| Exercise goal |
Reproduce all the entries exactly and keep the pictures out.

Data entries
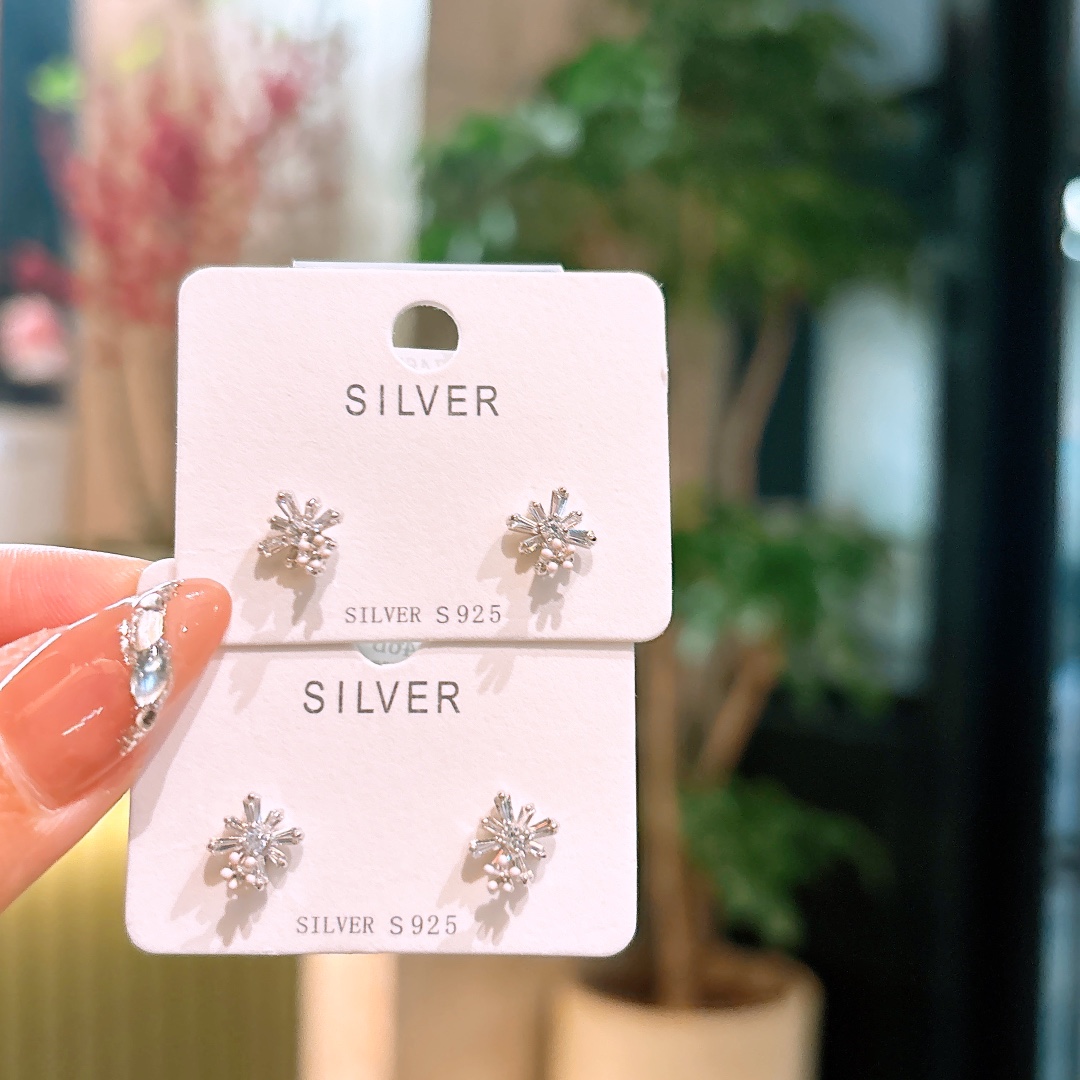 S925 Sterling Silver Earrings Precision Birthday Gold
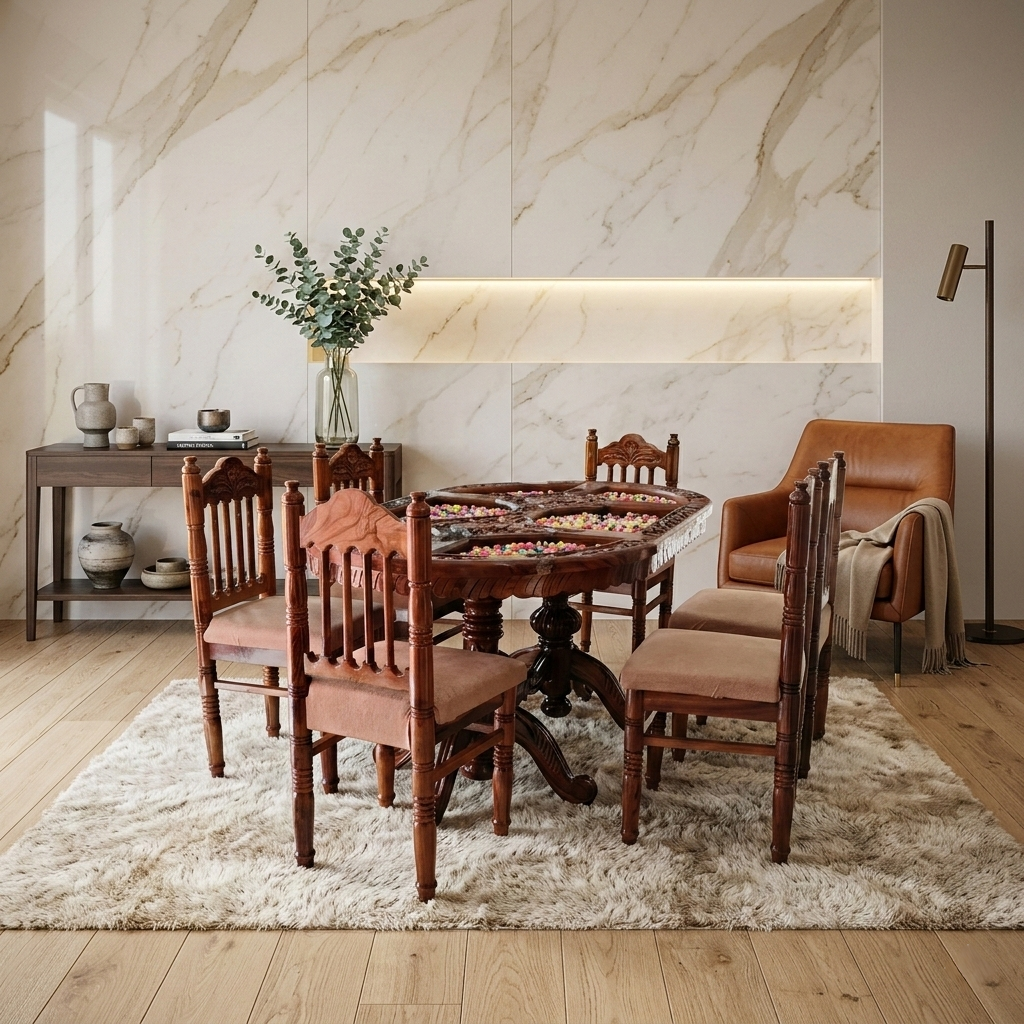 Premium Handcrafted Sheesham Dining Set 6 seat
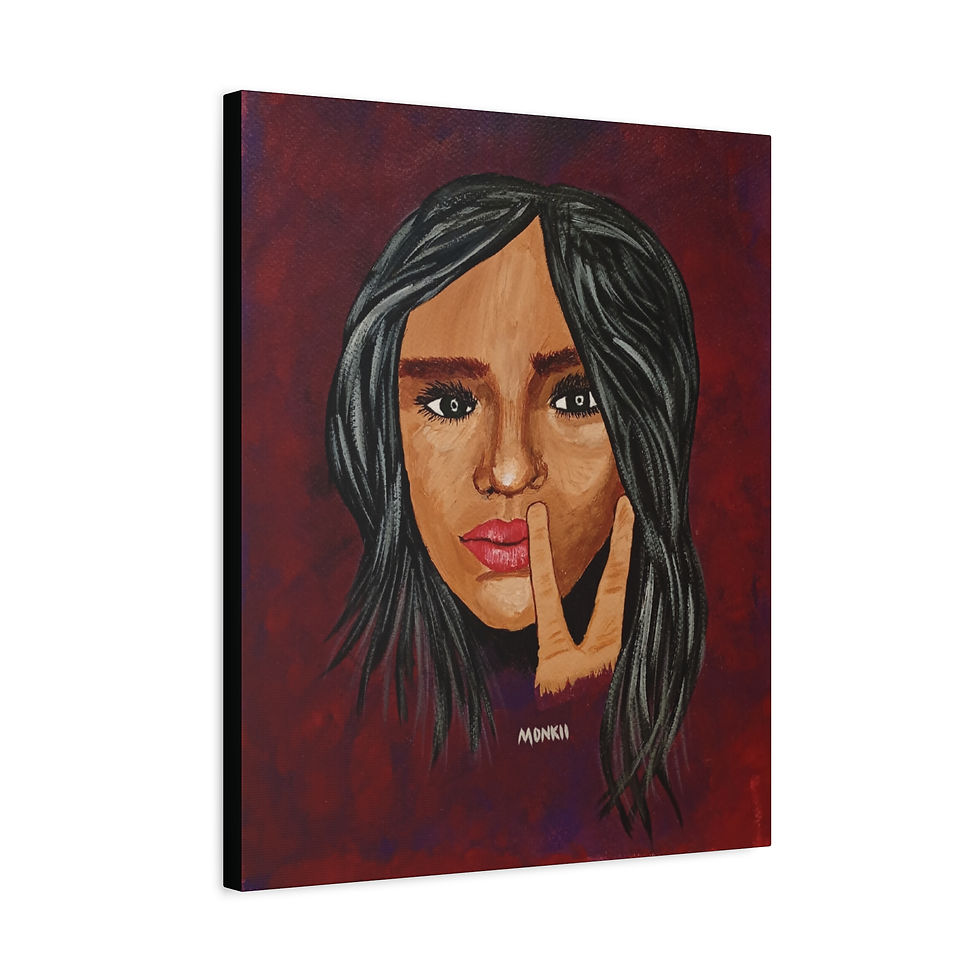 Thumbnail: "Sarah" Beautiful Portrait Canvas Print — Matte Stretched Wall Art by MONKII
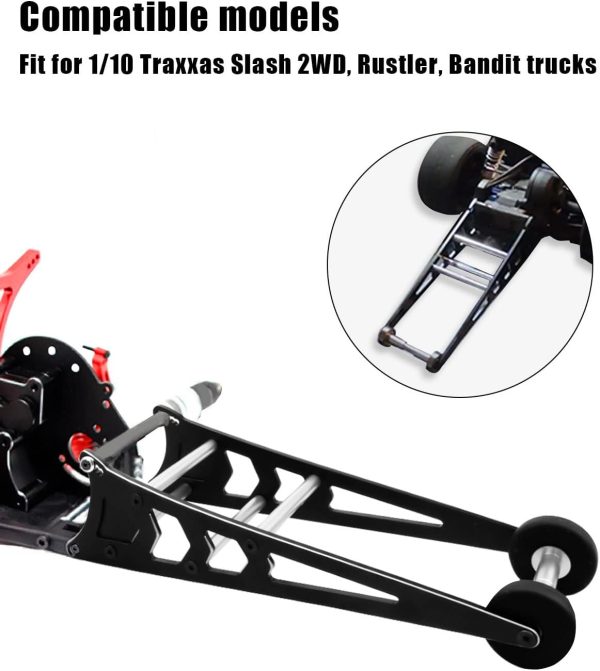 Adjustable Wheelie Bar Kit Fits for Traxxas 1/10 Slash 2WD Rustler Bandit Aluminum Alloy Wheel Head up Assembly RC Upgrade Parts - Image 6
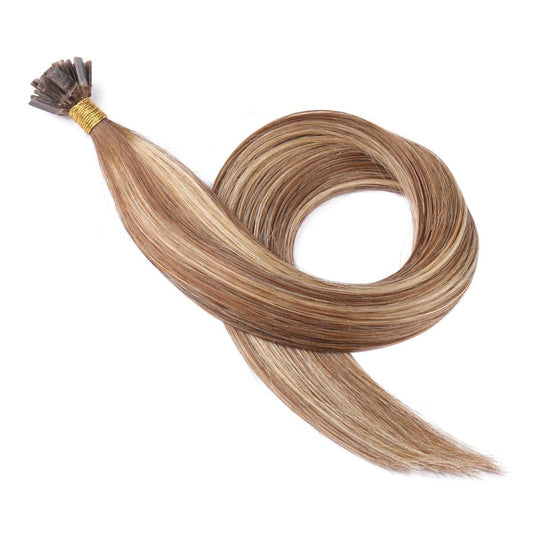 Extensions de pointes de kératine pré-collées Fusion Balayage châtain brun #6t6/18, 20 grammes, 100 % vrais cheveux humains Remy. Cheveux humains Remy véritables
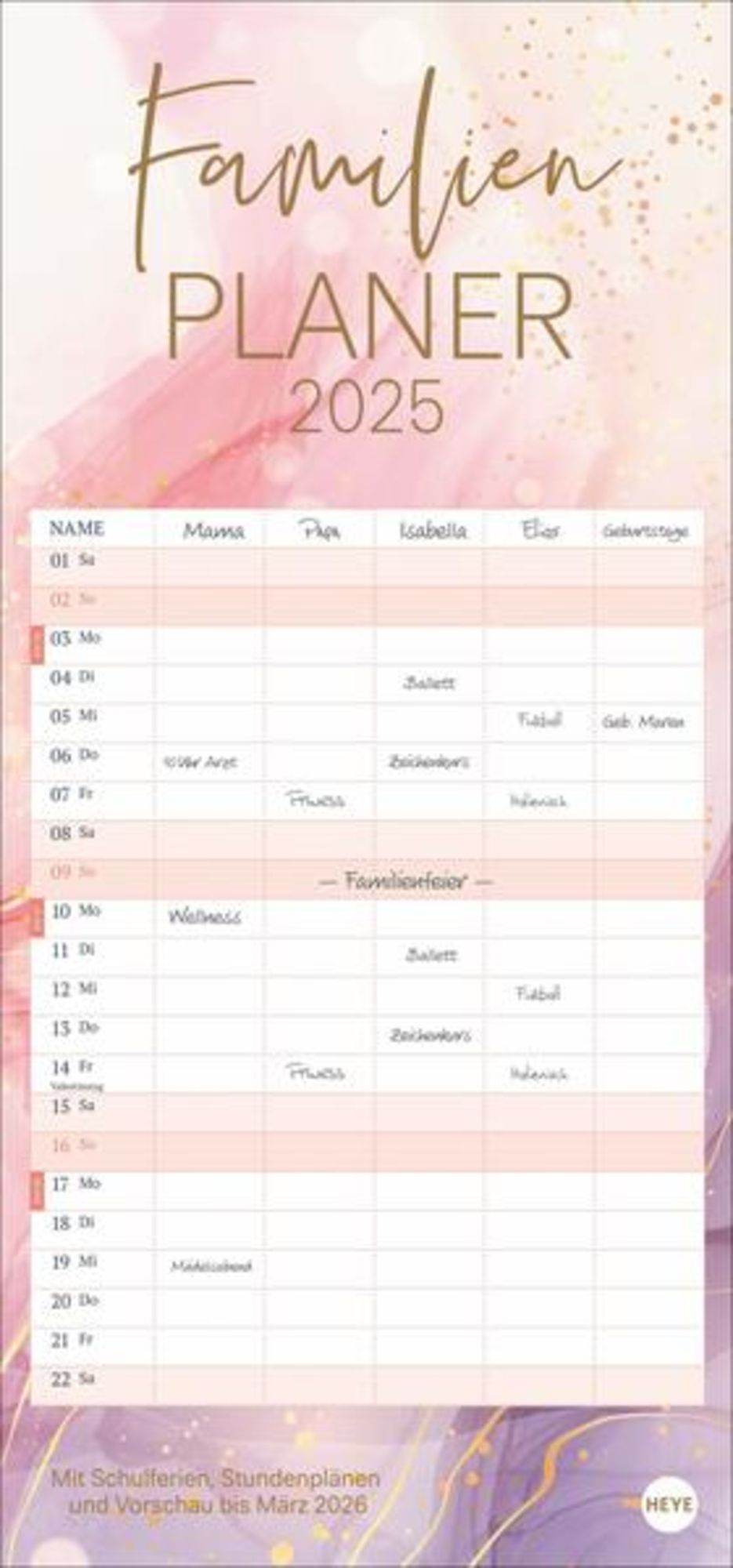 Watercolor Familienplaner 2025 | Kalender 2025 Familienplaner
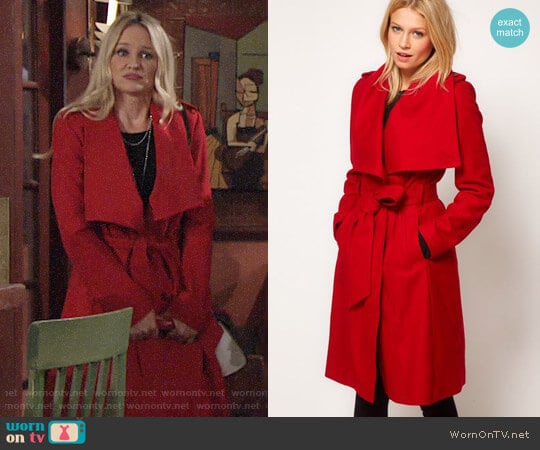 Ted Baker Belted Coat with Big Collar worn by Sharon Newman (Sharon Case) on The Young and the Restless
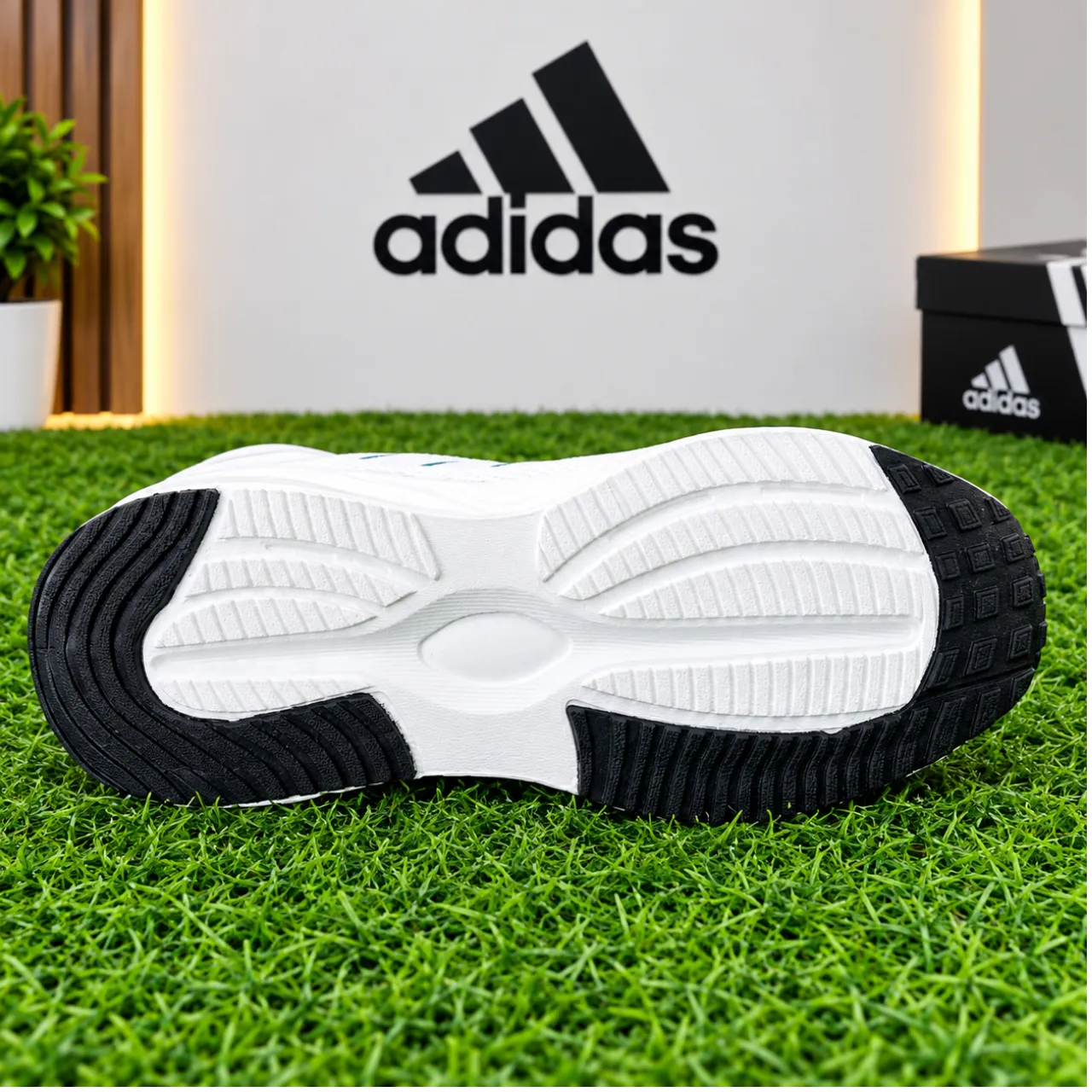 Premium White Adidas Style Running Shoes for Men – Black Stripes & Blue Accents - Image 4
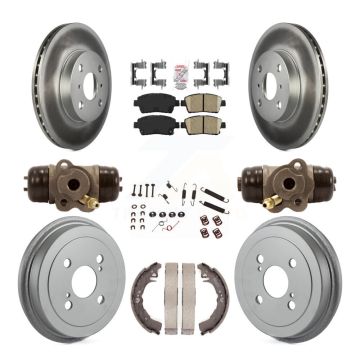 Front Rear Disc Brake Rotor Ceramic Pad & Coated Drum Kit (9Pc) For 2001-2005 Toyota Echo KGA-104467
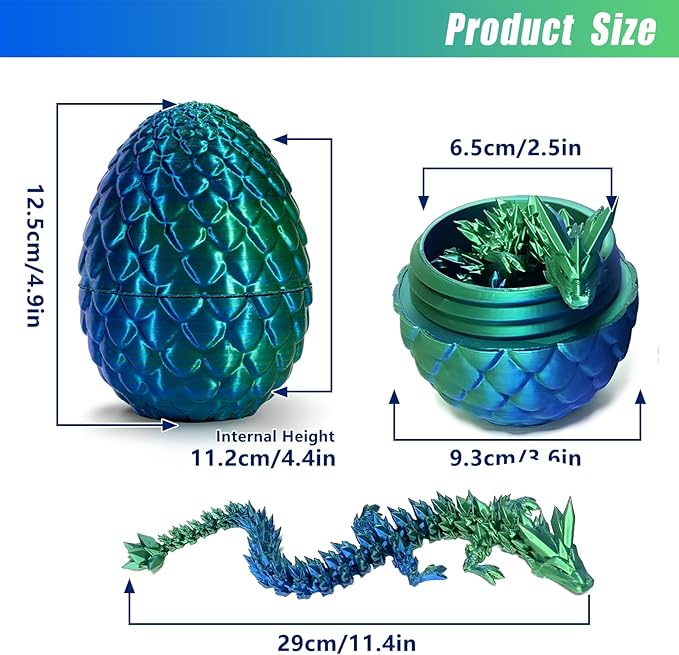 Pigmiss 3D Printed Dragon Egg Crystal Fidget Toy - Full Articulated Mystery Egg with Dragon Inside - Home Office Desk Decor Gifts (Laser Green)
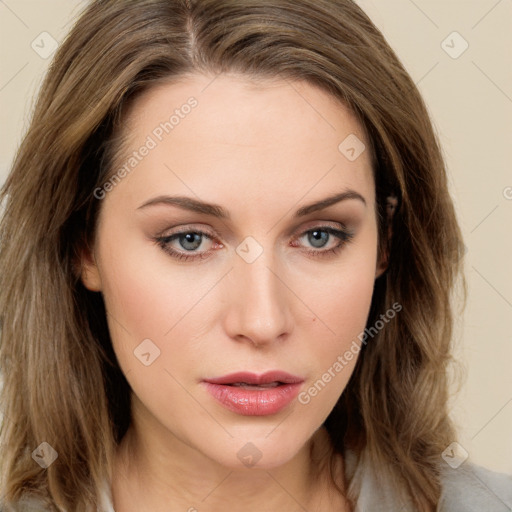 Neutral white young-adult female with long  brown hair and brown eyes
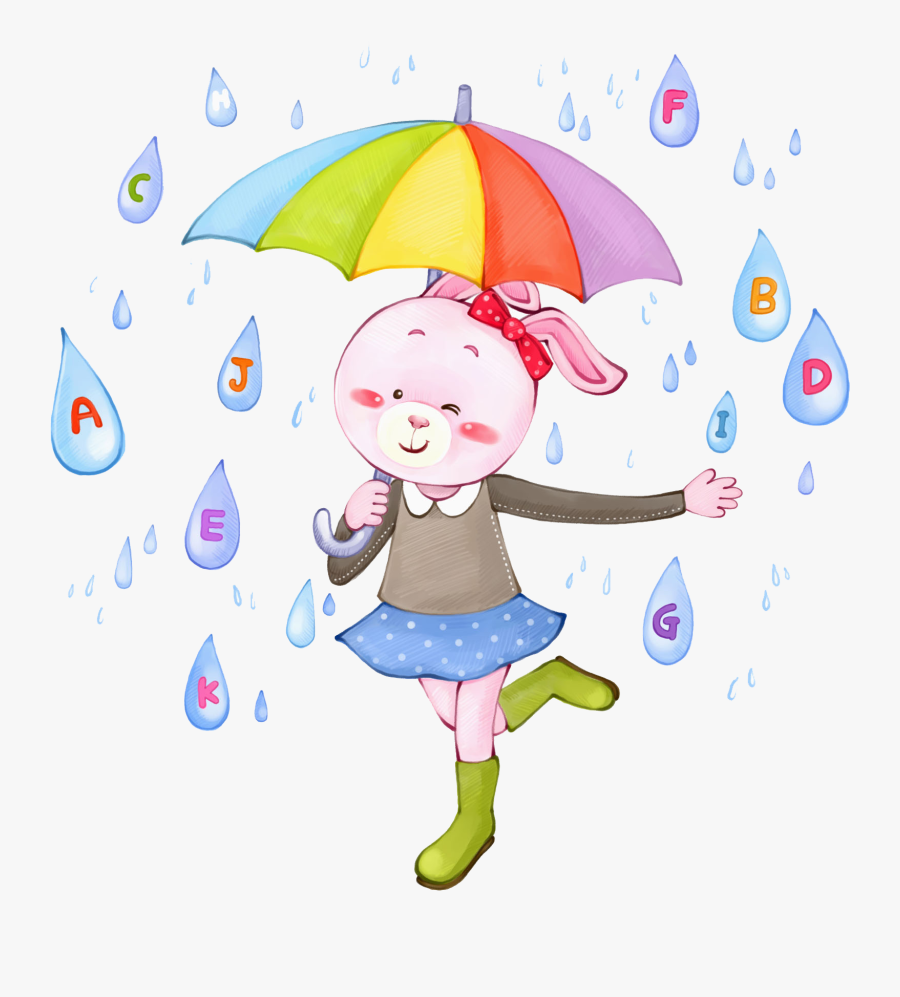 Raindrop Clipart Umbrella - Paintings Of Raindrops Cartoon, Transparent Clipart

| Response to this exercise |
 S925 Sterling Silver Earrings Precision Birthday Gold
 Premium Handcrafted Sheesham Dining Set 6 seat
 Thumbnail: "Sarah" Beautiful Portrait Canvas Print — Matte Stretched Wall Art by MONKII
 Adjustable Wheelie Bar Kit Fits for Traxxas 1/10 Slash 2WD Rustler Bandit Aluminum Alloy Wheel Head up Assembly RC Upgrade Parts - Image 6
 Extensions de pointes de kératine pré-collées Fusion Balayage châtain brun #6t6/18, 20 grammes, 100 % vrais cheveux humains Remy. Cheveux humains Remy véritables
 Watercolor Familienplaner 2025 | Kalender 2025 Familienplaner
 Ted Baker Belted Coat with Big Collar worn by Sharon Newman (Sharon Case) on The Young and the Restless
 Premium White Adidas Style Running Shoes for Men – Black Stripes & Blue Accents - Image 4
 Front Rear Disc Brake Rotor Ceramic Pad & Coated Drum Kit (9Pc) For 2001-2005 Toyota Echo KGA-104467
 Pigmiss 3D Printed Dragon Egg Crystal Fidget Toy - Full Articulated Mystery Egg with Dragon Inside - Home Office Desk Decor Gifts (Laser Green)
 Neutral white young-adult female with long  brown hair and brown eyes
 Raindrop Clipart Umbrella - Paintings Of Raindrops Cartoon, Transparent Clipart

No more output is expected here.